De paso. Pete, ¿podrías conseguirme cinta para mi máquina de escribir. Coloqué la última que tenía. —Abrió la máquina y la colocó sobre el escritorio.

—Haremos un trato; te conseguiré las cintas si me dejas leer lo que has escrito —respondió Pete, dejándose caer cómodamente en un sillón; tenía un trago en la mano—. En cuanto lo termine; ¿de acuerdo? Será un programa sensacional.

—¿De qué se trata?

—Ciencia ficción.

—¿A quién se lo presentarás?

—A Abe Leinstein.

—No sabía que le interesaran los temas de ciencia ficción.

—Le interesarán después que lea mi argumento.

—Bueno; esperemos que así sea. —Pete se levantó y fue hasta la puerta—. Vendré a verte mañana después que me despierte. Recuerda que el médico dijo que debes que darte en reposo en casa.

—Tardaré varios días en terminar mi trabajo —contestó Mike, preparándose a trabajar.

Comenzó a escribir con entusiasmo, narrando la historia que lo condujo al primer salto en el tiempo. Quería reservarlo para el final del primer capítulo para despertar el interés en los siguientes. Mike cesó de escribir súbitamente en la mitad de una hoja. Se puso de pie y buscó la ropa que tenía puesta cuando sufrió el accidente. Buscó en los bolsillos los apuntes del profesor Smitt pero habían desaparecido. Al volver al escritorio dudó unos instantes y entró al baño. Sus anteojos estaban en el estante y al mirar dentro del estuche de sus lentes de contacto, se aseguró nuevamente que también estaba vacío. En su mundo aparentemente seguro, volvió a despertarse una duda. Trató de olvidar el problema y volvió a su trabajo con entusiasmo. Escribió durante muchas horas, sin que disminuyera su ritmo de trabajo. A medida que escribía, el protagonista, un músico de renombre, se parecía cada vez más a Pete.
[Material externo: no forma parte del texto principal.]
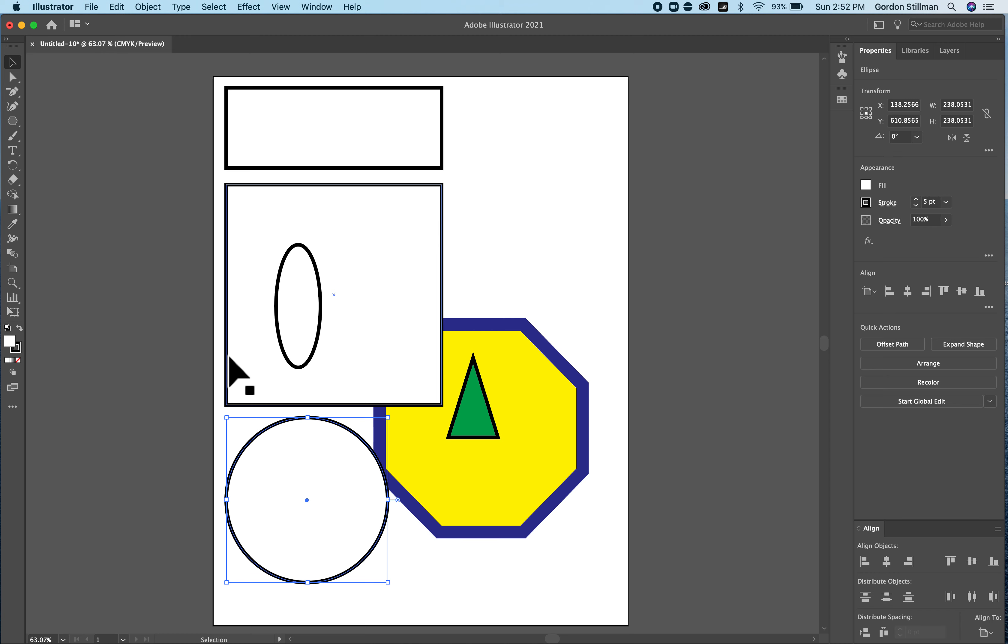So that's basic Illustrator workspace and working with shapes and we can get more involved with working with shapes but that will get you started.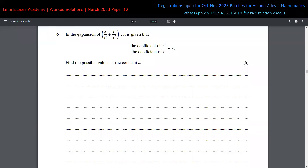For the sixth question, it is given that in the expansion of this particular term, the ratio of the coefficient of x to the power of four and the coefficient of x will be equal to three. Given this, we have to find the possible values of this constant A.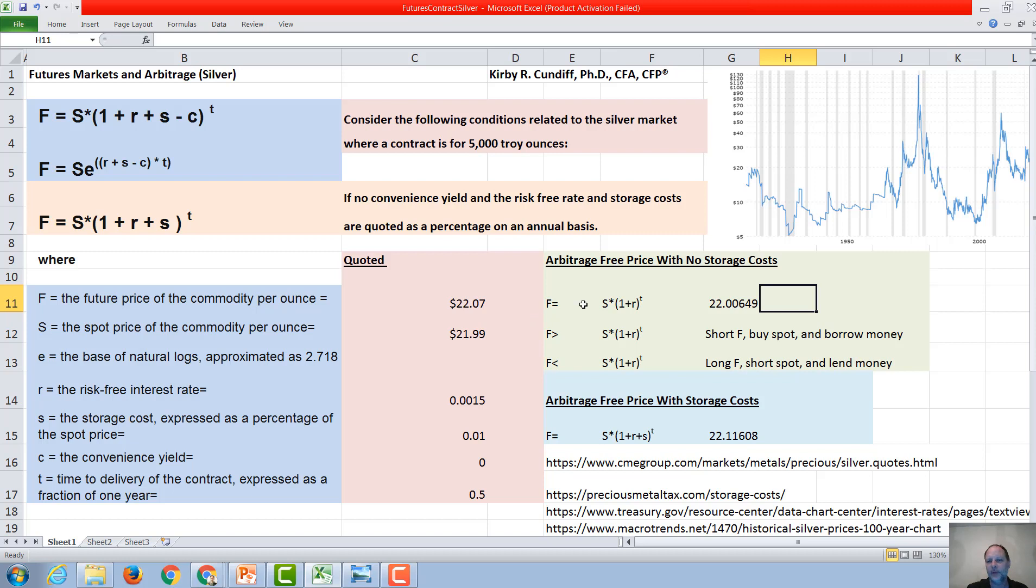If, on the other hand, the future price was less than the calculated arbitrage-free price, then you would go long or buy the future on silver, you would short the spot future, and you would lend out money.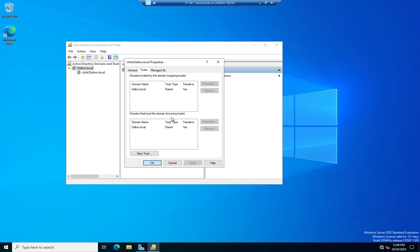That was hard for me to get a hold of when I started looking at trust relationships. So if we think about it in terms of trusted and trusting, the trusted domain contains the users that can access or be given access. You have to still go ahead and set permissions. But they can be given access to resources in the trusting domain. So trusted contains users. Trusting contains the resources.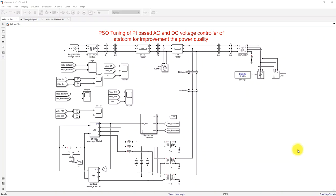Hi viewers, welcome to LMA Solution. Today we are going to see about PSO tuning of AC and DC voltage controller of STATCOM for improvement of power quality in the power system.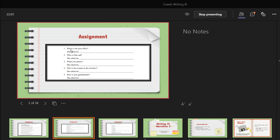Number four: 'Who is the woman in the red dress?' She asked me who the woman in the red dress was. So 'was' comes after the subject. When we change to reported speech, we no longer use a question mark — we use a period, a full stop, not a question mark.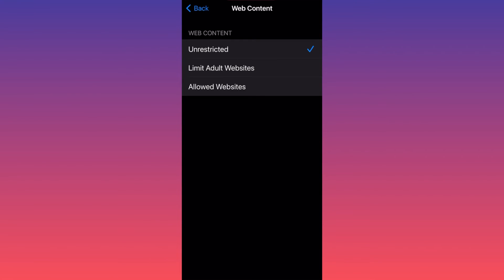The websites that don't follow the security checks will simply be unopenable, so they will be restricted. To fix that, you have to toggle Unrestricted.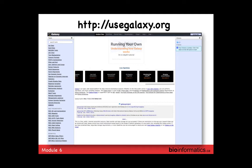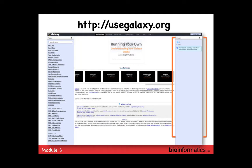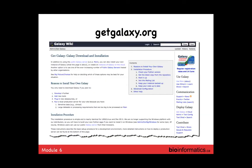The usegalaxy.org homepage: on the left side are all the tools and actions you can use to get started; on the right side is your history of what you've done; and in the middle is the results, parameter settings, and activity area. The getgalaxy.org site has a very active user community to help you install and run Galaxy. When we installed Galaxy at OICR, the team was very helpful and even offered to send a developer to assist with local installation.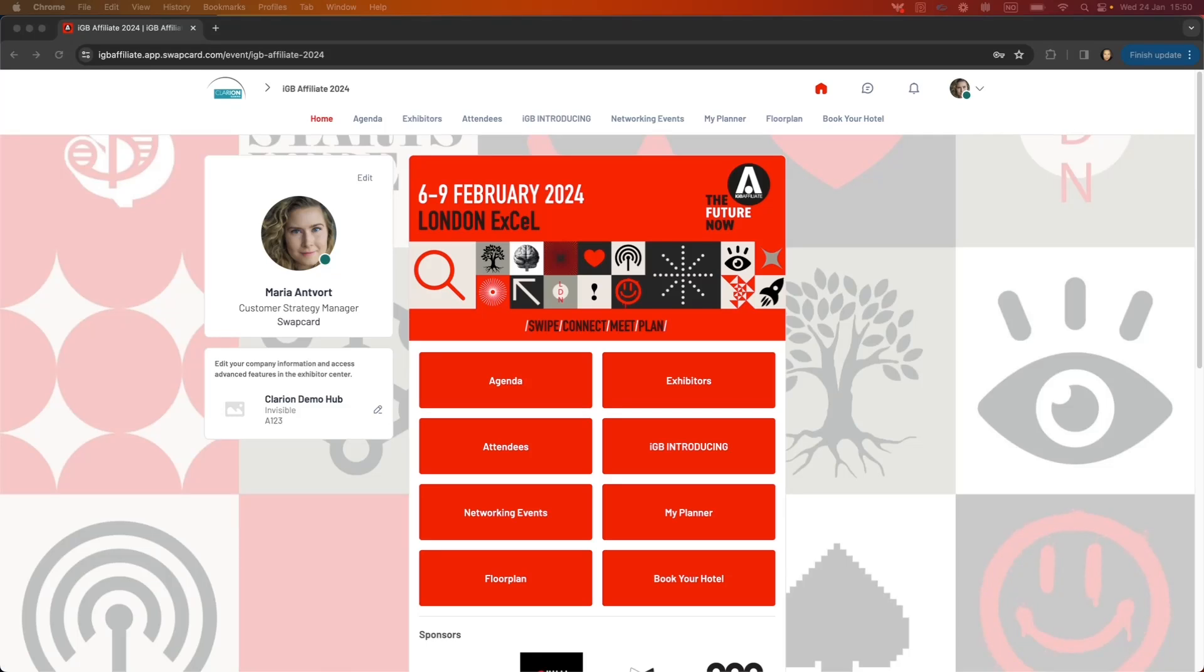Hi and welcome to the user walkthrough for the IGB Affiliate 2024 event platform. Here is the front page of the event on desktop where you can edit your profile.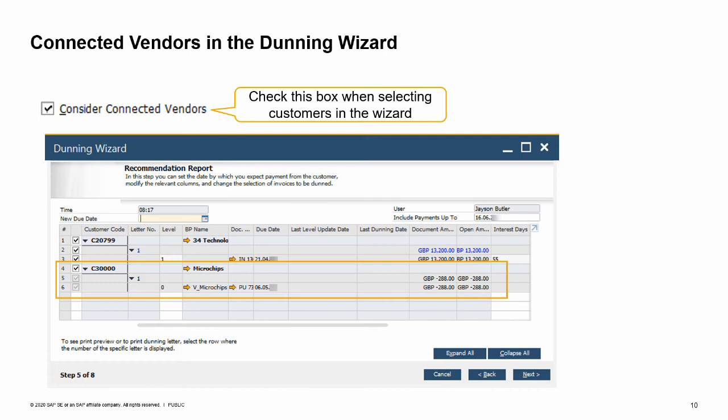Note that to display transactions of connected vendors, you must check the Consider Connected Vendors box while running the wizard. Also note that the open balance of vendors and customers are displayed separately and do not affect any customer dunning calculation or the content of letters.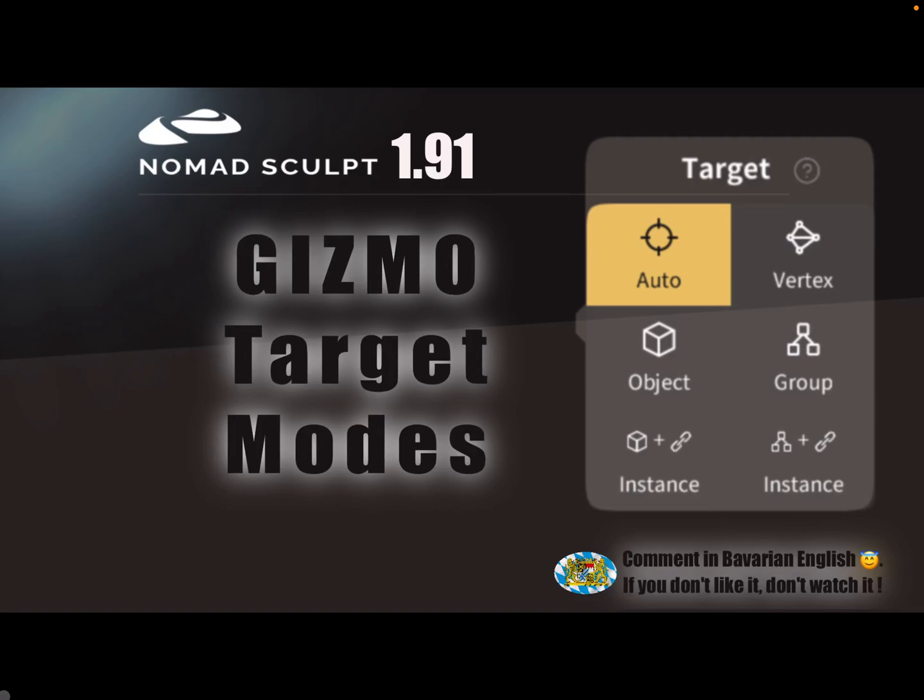Hello Nomad Sculpt, this video is about the target modes for the gizmo or the objects. Here you see the menu for this in version 191. For the instances there are two new target modes.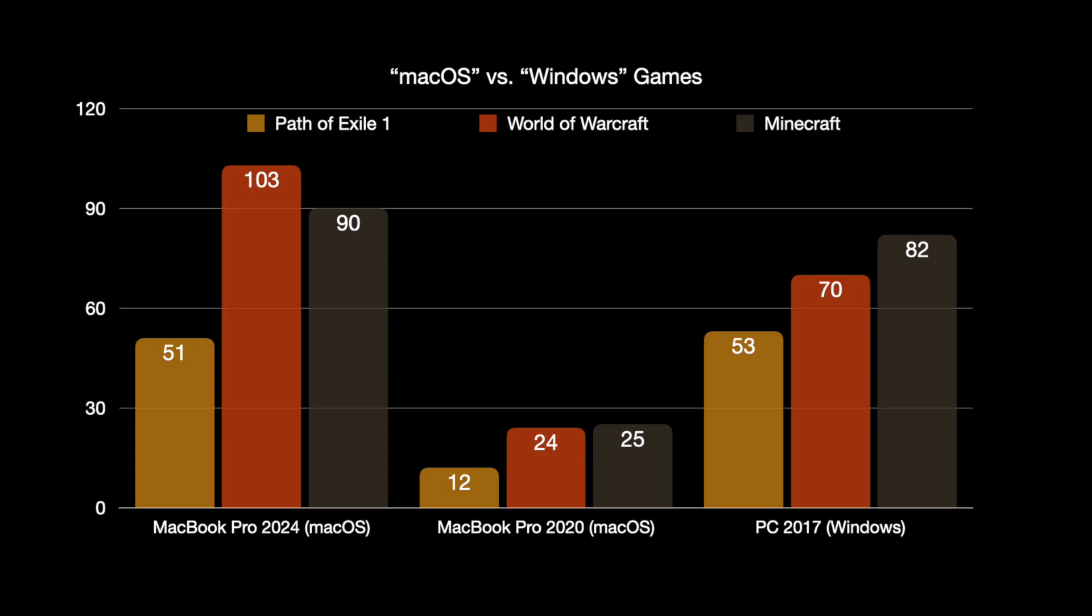Minecraft, same picture here. 90 frames per second on the M4 Pro, 82 frames per second on the PC, and only 25 frames on the MacBook Pro with macOS.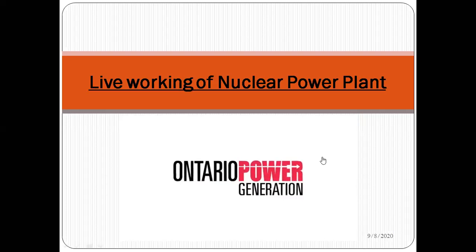This is all about the video showing how the live working of a nuclear power plant takes place. Are you getting an idea, after watching this video, how this nuclear power plant actually works? You can see the nuclear reactor, how a person can enter the nuclear reactor, the cooling tower, and everything. This is all about the nuclear power plant.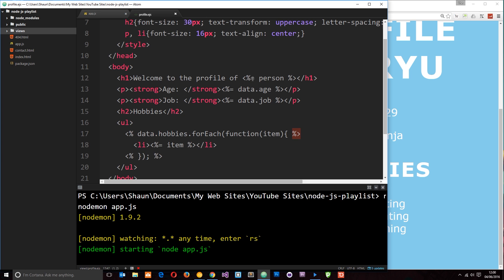So, remember, when we output data, we use that equal tag. When we just output JavaScript, we just need the percentage sign and the angle brackets. So, there we go, guys. Any questions? Feel free to leave those down below. Otherwise, I'm going to see you in the very next tutorial where we're going to take a look at partial templates.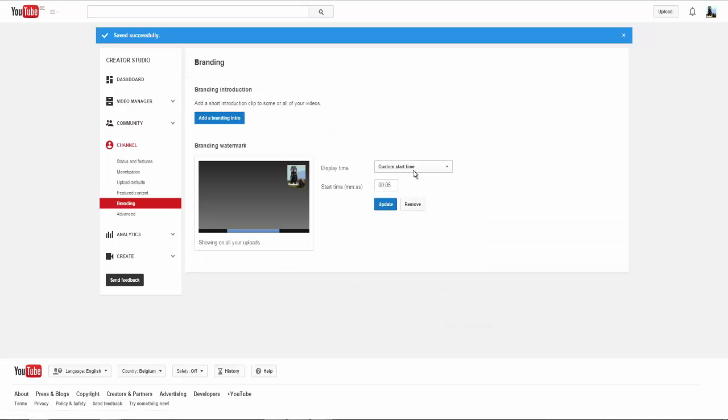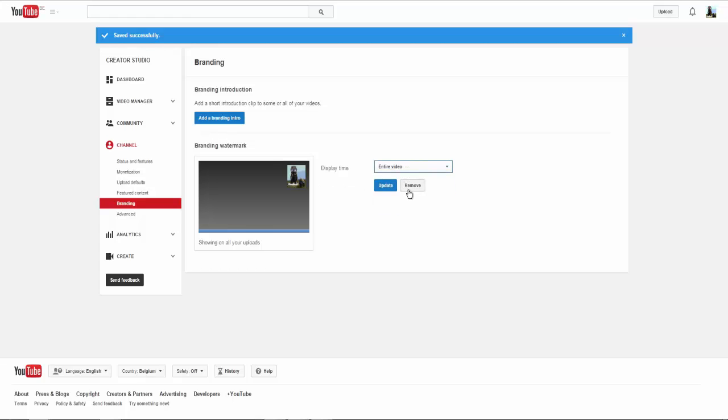Now you can change the settings as you like it. I will now put it to show during the entire video and then click on Update. Make sure you see the Save Successfully confirmation.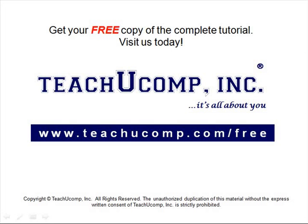Get your free copy of the complete tutorial at www.teachucomp.com forward slash free.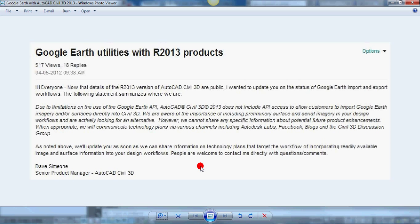So I think that's great — it's great that they're going to give an update potentially in the future on Autodesk Labs, Facebook blogs, and the Civil 3D discussion group. But I went to the product page on Autodesk for Civil 3D, and nowhere does it mention that in the upgrade from 2012 to 2013 that this Google Earth functionality has been gutted from the software. So I was a little confused by that. I think it's great that they're giving out announcements on these other areas — fantastic.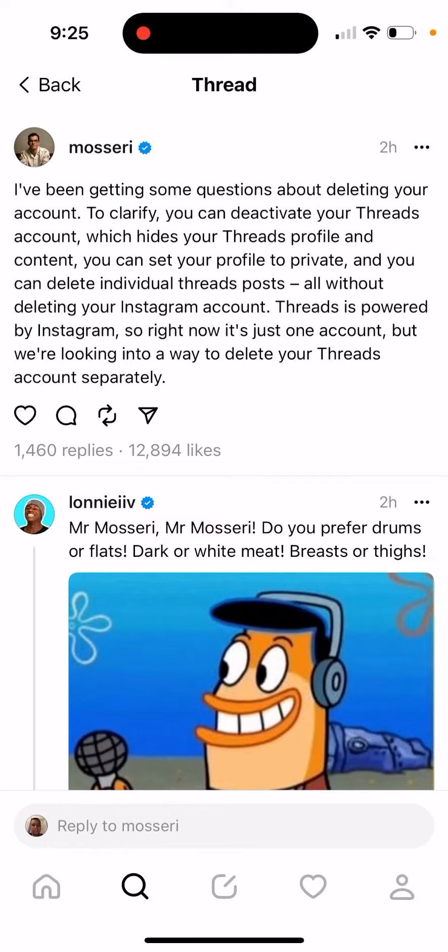So there are these options. To clarify: you can deactivate your Threads account, which is not deleting but deactivating, which hides your Threads profile and content. You can set your profile to private, and you can delete individual Threads posts — all without deleting your Instagram account.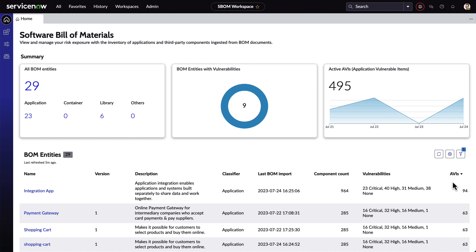Now there could be hundreds if not thousands of vulnerabilities that are associated with BOMs, but if everything is a critical vulnerability, then nothing is. AVIs are a way for organizations to automatically create findings for the most critical vulnerabilities to the organization itself, which will then allow them to take action on those first.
De pronto interrumpió el trabajo y fue hasta el teléfono. Llamó al Imperial College y a la universidad de Londres y preguntó si allí conocían a un profesor Smitt. Le contestaron que nadie bajo ese nombre figuraba en el elenco de profesores. Intentó en el laboratorio de Cavendish, en Cambridge, pero allí tampoco nadie había oído hablar de él. Aparentemente no había ningún Smitt, que respondiera a su descripción, que estuviera conectado con ninguna de las universidades del país o de otra organización de cierto renombre.

Luego llamó a la casa de Harley Street; le informaron que allí funcionaban diferentes consultorios médicos, incluido uno de fisioterapia. Mike decidió volver allí cuando se mejorara de su pierna; tal vez unos masajes lo ayudaran a recuperarse luego del yeso. De esta manera, podría lograr más realismo en su relato. Trabajó toda la tarde, mucho después de su hora habitual de acostarse y hasta bien entrada la noche. Eran las cuatro de la mañana cuando finalmente terminó de bosquejar la trama. El resto de la presentación no le resultaría tan largo así que se acomodó en el diván y quedó profundamente dormido.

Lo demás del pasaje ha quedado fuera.